Suddenly, instead of stepping back and taking the long view, accepting that those who rely on State aid for an income are still ending this decade in hugely better shape than they started it, they hit out at anyone they regard as more fortunate than themselves.
That included Patricia Callan, director of the Small Firms Association (SFA), who was put in the firing line by fellow guests on Browne's show for daring to remind them that it is the business community that creates the wealth which allows this level of benefit to be paid in the first place, and that the only way to bridge the yawning gap between money coming in and going out of the State's coffers is to increase employment again and so reverse the decline in tax receipts.
Patricia Callan has consistently made the maintenance of employment levels the SFA's number one priority. For this, she was crudely lumped in with the bankers and the billionaires by sections of a self-pitying whinging audience who seemed to think that a properly functioning business culture is the disease rather than the cure.
This is the atmosphere which is now being forged in Ireland, whereby hardworking small business people who have taken risks to try and do something for themselves and their families are treated like absentee landlords sponging off the blameless lower classes. Talk about biting the hand that feeds you. It's the middle classes in Ireland who pay the bills. Class envy never wrote a single dole cheque or funded a single operation.

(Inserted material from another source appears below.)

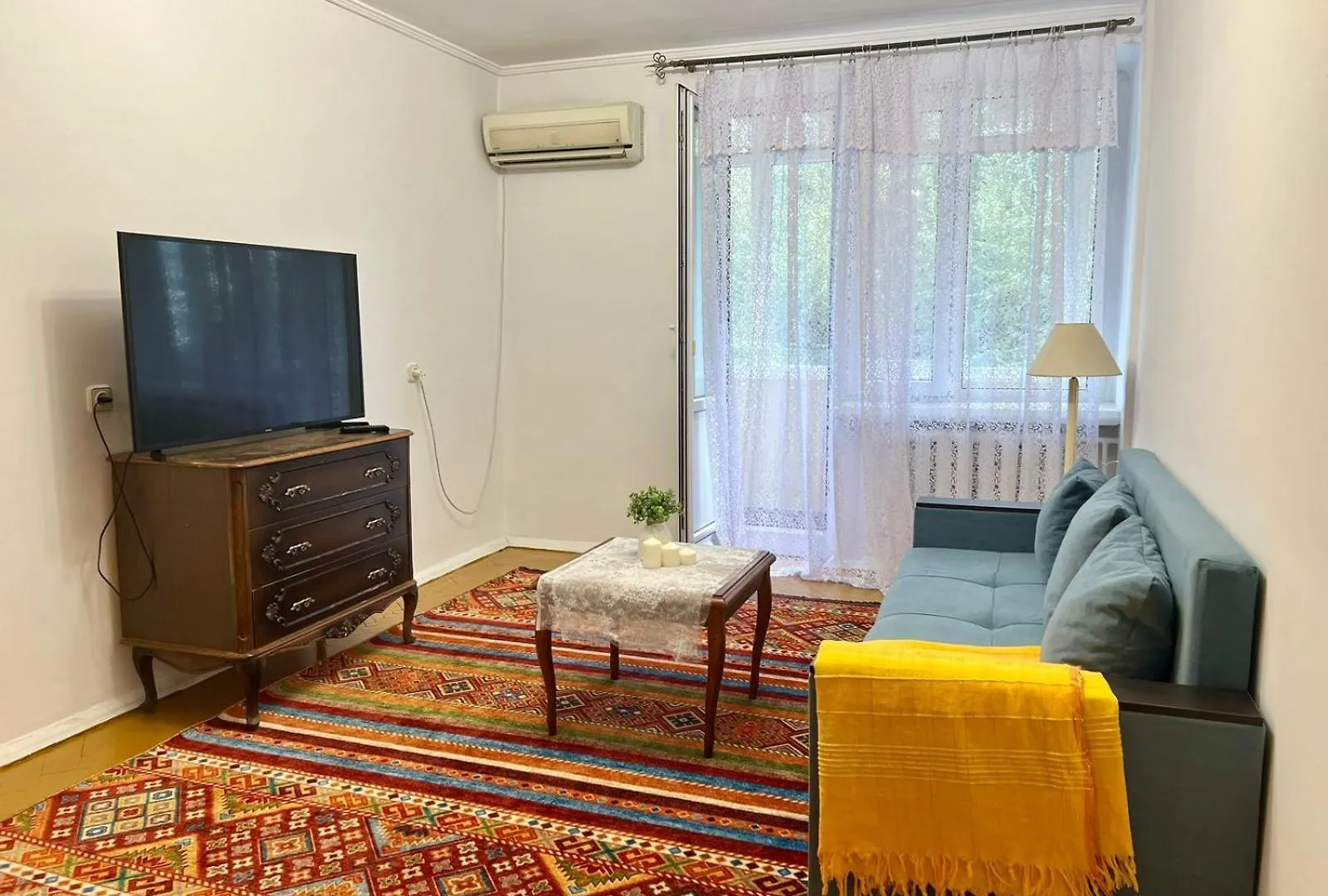Apartmán Urban Oasis Almaty
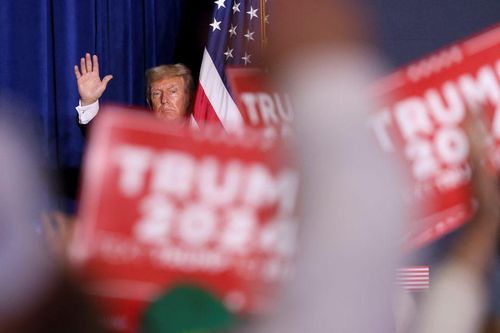 Ông Donald Trump nói sẽ đưa quân tới biên giới Mỹ - Mexico nếu đắc cử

Ultimately, budgets are about figures, so here's the salient one from the new Social Welfare Bill: those on the dole in Ireland are down about e8 a week. It's not ideal, but if this is what Siptu president Jack O'Connor calls "callous and unjust and uncaring", then I'm not sure those words have any meaning any more.
Because if, by the end of this crisis, that is as callous and unjust and uncaring as it gets, then we'll have got off bloody lightly.